4/5 stars on Goodreads
Mickey7 by Edward Ashton |
Mickey7 is sci-fi set on a beachhead colony sent to terraform a planet somewhere in the universe in far future. It’s a dangerous project and for that they need someone to take all the almost-certain-death jobs that robots can’t do. Enter Mickey Barnes.
Mickey is an expendable. To escape debtors on the planet where he lives, he agrees to have his memories uploaded and his body scanned to make copies of it—and to die when necessary, usually in a painful and gruesome fashion. As the number after his name implies, he’s done this several times already.

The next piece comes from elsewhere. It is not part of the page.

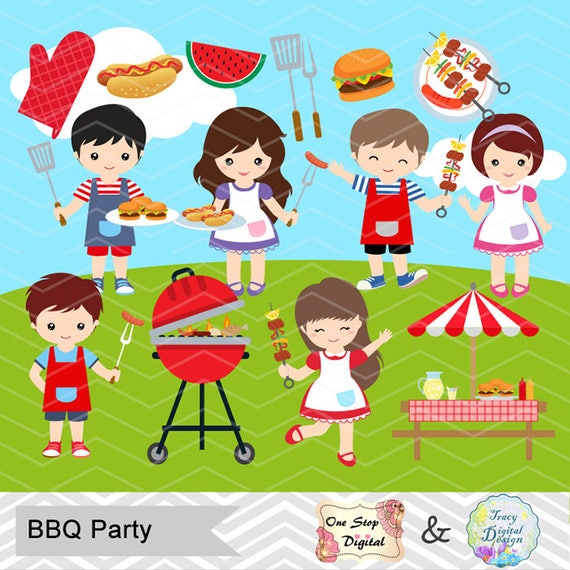 Instant download BBQ Clipart Boys Barbecue Clip Art Girls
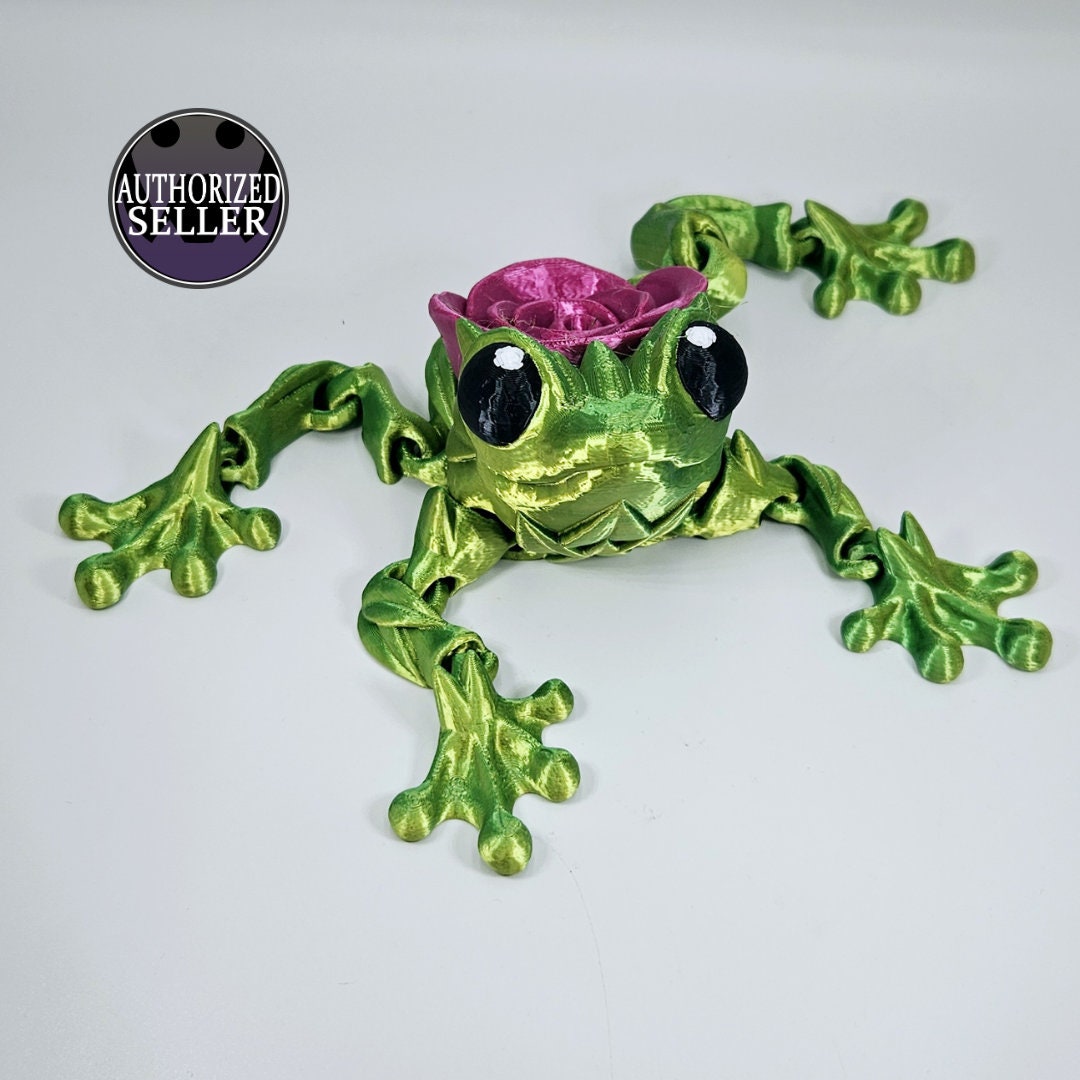 Articulated Beautiful Rose Frog 3D Printed Ornament, Anxiety Toy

It never gets easier to die.
A routine mission goes awry and unable to rescue him, Mickey7’s pilot leaves him to die. By the time Mickey7 manages to return to the base, they’ve already revived a new copy, Mickey8. The problem is, there can be only one. But instead of fighting to the death to see which version gets to live, they decide to keep the double a secret and stay both alive.
Immediately, they run into problems. The food is rationed, and they have to share it between them. One of them is injured and the other isn’t, which leads to some baffled encounters. And which of them gets to spend time with their girlfriend?
In a colony of a couple of hundred people, secrets never stay hidden for long. But Mickey7 has another one in his sleeve. He knows that the planet has sentient beings. Because he didn’t make it back to the base on his own.
This was a fun book. The plot was simple and not terribly high stakes. Most of the book was filled with Mickey7’s running commentary on everything: his previous life, the colonies that have failed before, and all his deaths.
What the book is about in the end is identity. Are you still the same person if you’re the seventh copy of your original self? Who has the greater right to your life, you or your future copies? And are you still human?
Not all questions are given definitive answers, but it’s well-written enough to keep the reader entertained. Mickey7 comes to a conclusion that satisfies him, and that leaves the reader in a good place too.
I received a free copy from NetGalley in exchange for an honest review.